As the replication crisis rocked the field of psychology and other disciplines, criminology has been slow to take note. There has been increasing interest in replication within criminology (e.g. McNeeley and Warner 2015; Pridemore et al. 2018) and a special issue containing replications was recently published (Savolainen and VanEseltine 2018). However, there has been little attention paid to the causes of the replication crisis, whether criminology suffers from the same issues, and how to address such problems.

This special issue was launched in order to raise awareness of such issues in criminology. The call for papers asked for manuscripts that: (1) identify the causes of false positives, (2) document the prevalence of false positives, and (3) discuss, detail, and demonstrate best practices for moving the discipline forward. I would revise the first two categories today, replacing “false positives” with “unreliable research” as the term “false positive” itself reifies a dichotomous view of scientific evidence that is better viewed as a continuum not primarily about which side of .05 a p value is on. The papers in this special issue addressed all of these topic areas, with somewhat more of an emphasis on fixing rather than documenting the problem. I will discuss each topic area in turn, drawing on evidence from outside criminology as well as the papers in this issue.

Causes of Unreliable Research

Researchers in tenure-track positions experience strong pressures to publish peer-reviewed research. Top journals seek novel research findings, which almost always are statistically significant findings. This means that there is a large group of criminologists constantly seeking to produce interesting, statistically significant, findings. They do so in an environment that does not require the sharing of code or data, and that rarely subjects published research to direct replications. This allows and even encourages researchers to engage in practices that increase their chances of obtaining low p values, potentially at the cost of producing unreliable research.

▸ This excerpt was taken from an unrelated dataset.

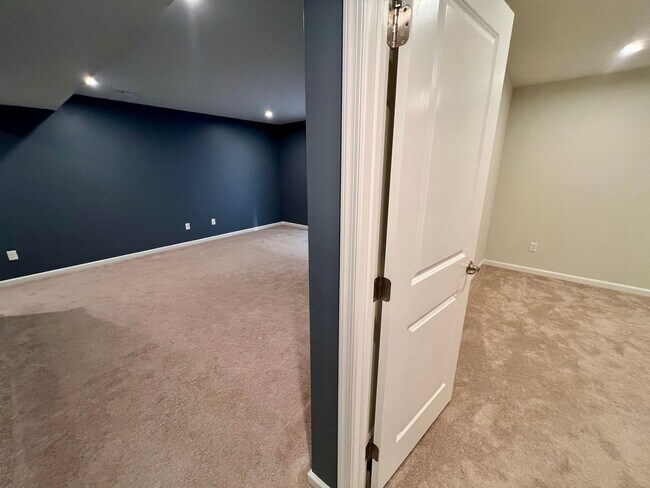Building Photo - Stunning 3 bedroom, 2.5 bathroom End unit ...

The most compelling cause of unreliable research is undisclosed researcher flexibility, detailed by Simmons et al. (2011). Criminologists have practically unlimited researcher degrees of freedom when conducting a study: when to stop data collection, whether to exclude certain cases, which control variables to include or exclude, how to scale independent and dependent variables, whether to transform certain measures by taking the natural log or adding a square term, which interactions to test, which model to use, how to deal with missing data. Consider, for example, a situation in which there are two potential dependent variables one could employ that are correlated at 0.5. If a researcher runs just two regression models and chooses the model with the smaller p value for the focal independent variable, the chances that one of the two p values is less than .05 in a situation when the true effect is zero for both is 9.5%. Screening two potential dependent variables raises the effective alpha level from .05 to .095. Simmons and colleagues show that with just a few degrees of freedom the nominal alpha level is meaningless: “it is unacceptably easy to publish ‘statistically significant’ evidence consistent with any hypothesis” (2011:1359, emphasis in original). Practices such as p-hacking, harking and even data fabrication all fall under the umbrella of undisclosed researcher flexibility. The problematic quality of these decisions is that they are undisclosed. Decisions that are disclosed are not problematic because reviewers, editors and readers would be able to assess the evidence in light of these decisions.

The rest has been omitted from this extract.